Thanks for letting me know, just fixed them!

great information, i have been in a class room setting for a bit and never had it explained this way

Hi Rene
When creating this blocks, do they have to be of equal size?

For example, you have an address of 10.10.10.0/23, and I am working to create a network/mask for the below requirements

I. 24 hosts
II. 111 hosts
III. 47 hosts
IV. 200 hosts

I came up with this , can you let me know if this is correct

I. 10.10.10.0/27
II. 10.10.10.128/25
III. 10.10.10.64/26
IV. 10.10.11.0/24

If I did this way, is this correct?

I. 10.10.10.192/27
II. 10.10.11.64/25
III. 10.10.11.0/26
IV. 10.10.10.0/24

Thanks
Palani

Palani,
Short answer: Everything you have is correct. For any given subnet mask, the block size is always the same.
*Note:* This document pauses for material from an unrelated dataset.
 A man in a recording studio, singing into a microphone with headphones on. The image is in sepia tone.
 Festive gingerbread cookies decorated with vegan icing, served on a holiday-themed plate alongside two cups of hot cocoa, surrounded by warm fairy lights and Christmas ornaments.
People do subnetting many different ways. I haven’t heard of others doing it my way, but it works for me. I thought I might share with you how I can do subnetting very fast in my head–no calculators or even pencil and paper required.

I use the formula 2^X >= Y, which reads as 2 to the Xth power is greater than or equal to Y. Y is the number of hosts (or subnets) you are trying to figure out, and X is the variable you are trying to solve for. Let’s walk through one of your examples: 47 hosts. In this case we know that Y = 47. So now we have to figure out what power of 2 is as close to 47 as possible, but cannot be less. Two to the fifth power is 32, so that’s too small. How about 6? Two to the sixth power is 64–so that’s our answer: X = 6.
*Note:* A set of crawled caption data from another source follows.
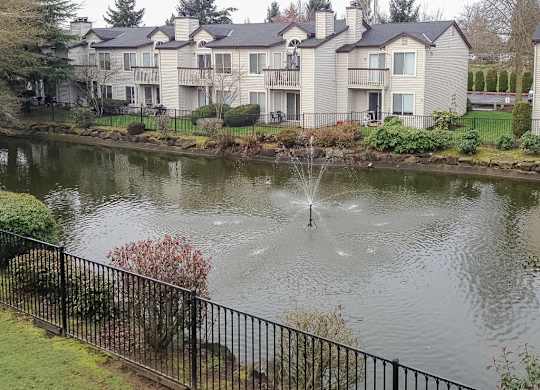 A fountain in the middle of a pond in front of a building.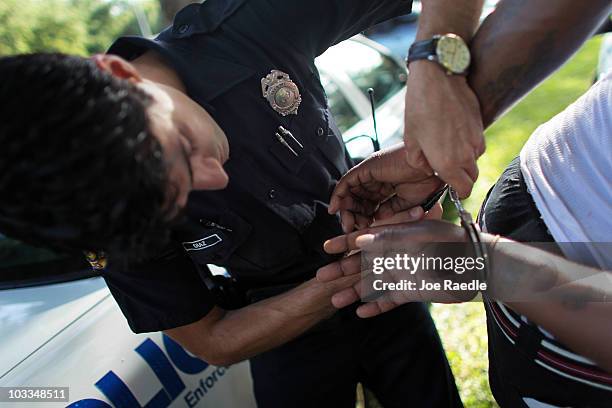 City of Miami police officer, Eldys Diaz, unlocks a pair of handcuffs on a person after transporting them to be processed while patrolling the...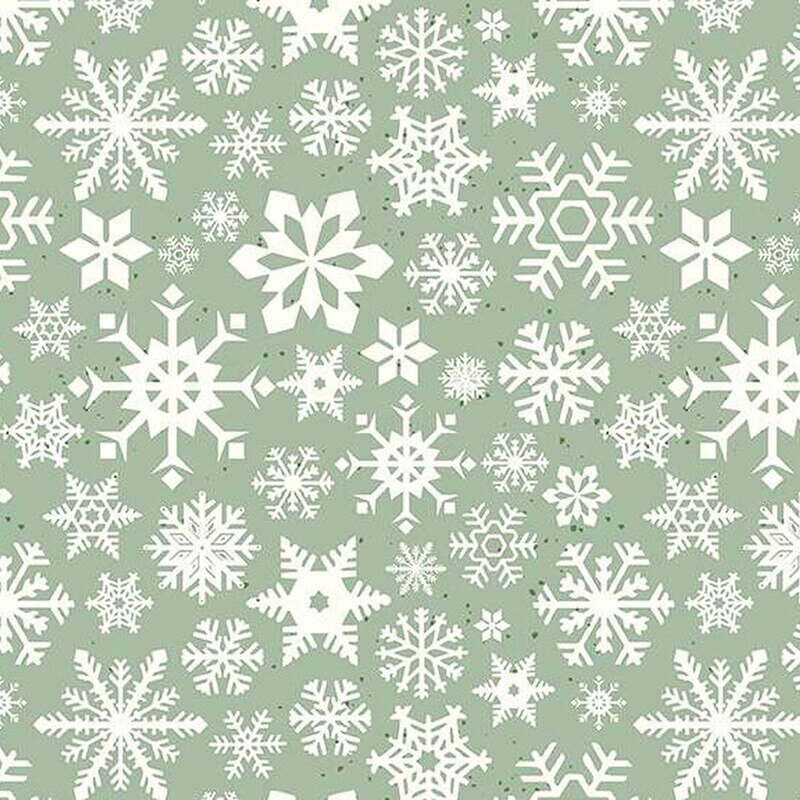 White snowflakes of various designs on a muted green background.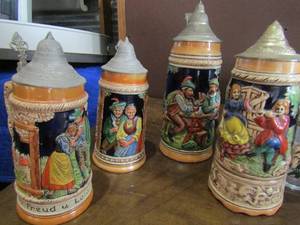 lot 50 image: Small medium and large west Germany Peter Pan Steins qty 3, 1 musical stein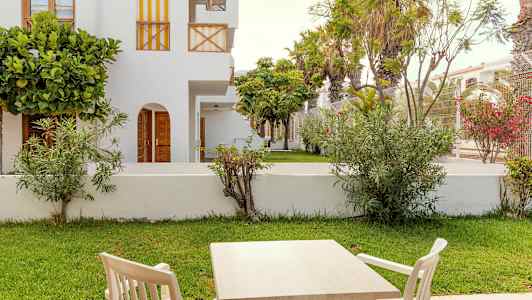 Utemöbler med bord och stolar framför en grön gräsmatta och vita byggnader. (AI-genererad text)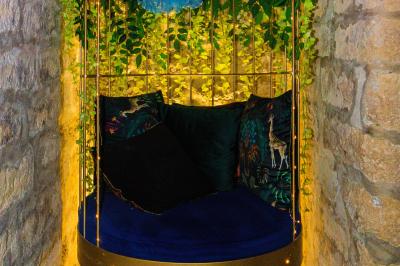 Verre de cognac, bouteille en arrière-plan, cigare allumé posé sur un cendrier et briquet sur une table en marbre.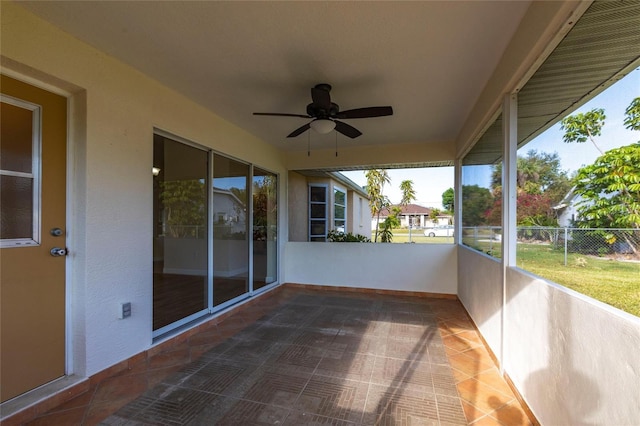 exterior space featuring a ceiling fan and fence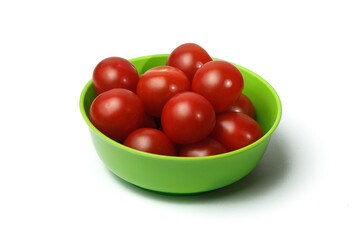 green plastic bowl of tomatoes
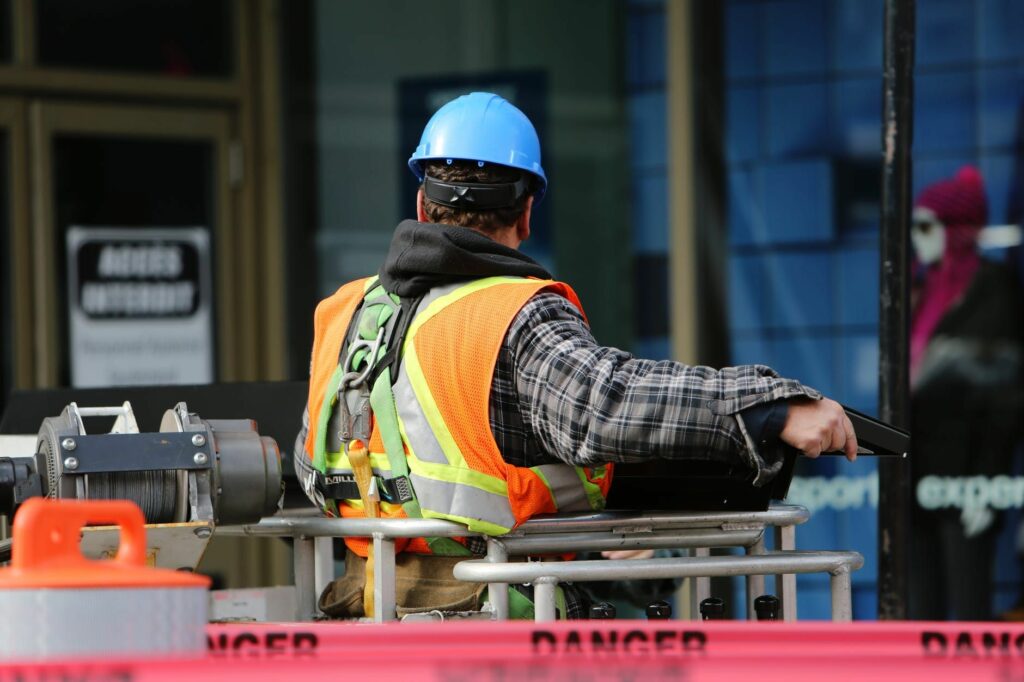 Man wearing a blue hardhat 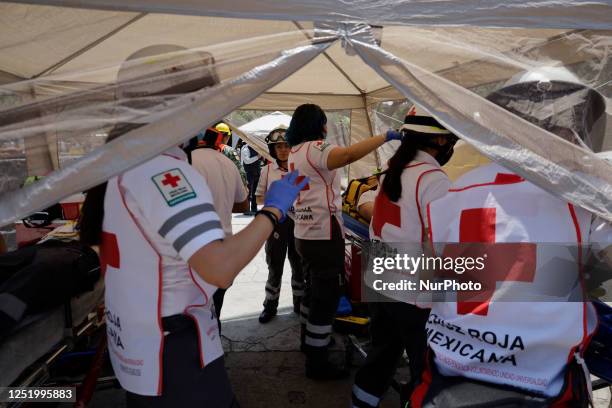 Members of the Mexican Red Cross attended to people who were supposedly intoxicated during the First National Drill 2023 in Mexico, on april 19 where...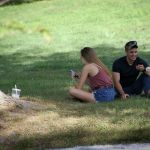 Relaxing in the shade at the August 2015 Gettysburg Bluegrass Festival - photo by Frank Baker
So what does X do for you? A lot! Once you solve for X, you can easily figure out two things:

1. The network block size (the range of each subnet): This is simply 2^X, which in our case is 64. This means that your subnet ranges would be…
0 - 63
64 - 127
128 - 191
192 - 255
Notice how on the left column above, I just increase the number by the block size? Easy!

2. The subnet mask. You will have to know which octet you are trying to figure out (in this case it is the last octet). To figure out the mask, simply subtract 2^X from 256–so in this case it would be: 256 - (2^6) = 256 - 64 = 192. Now you know the subnet mask will be 255.255.255.192. Easy!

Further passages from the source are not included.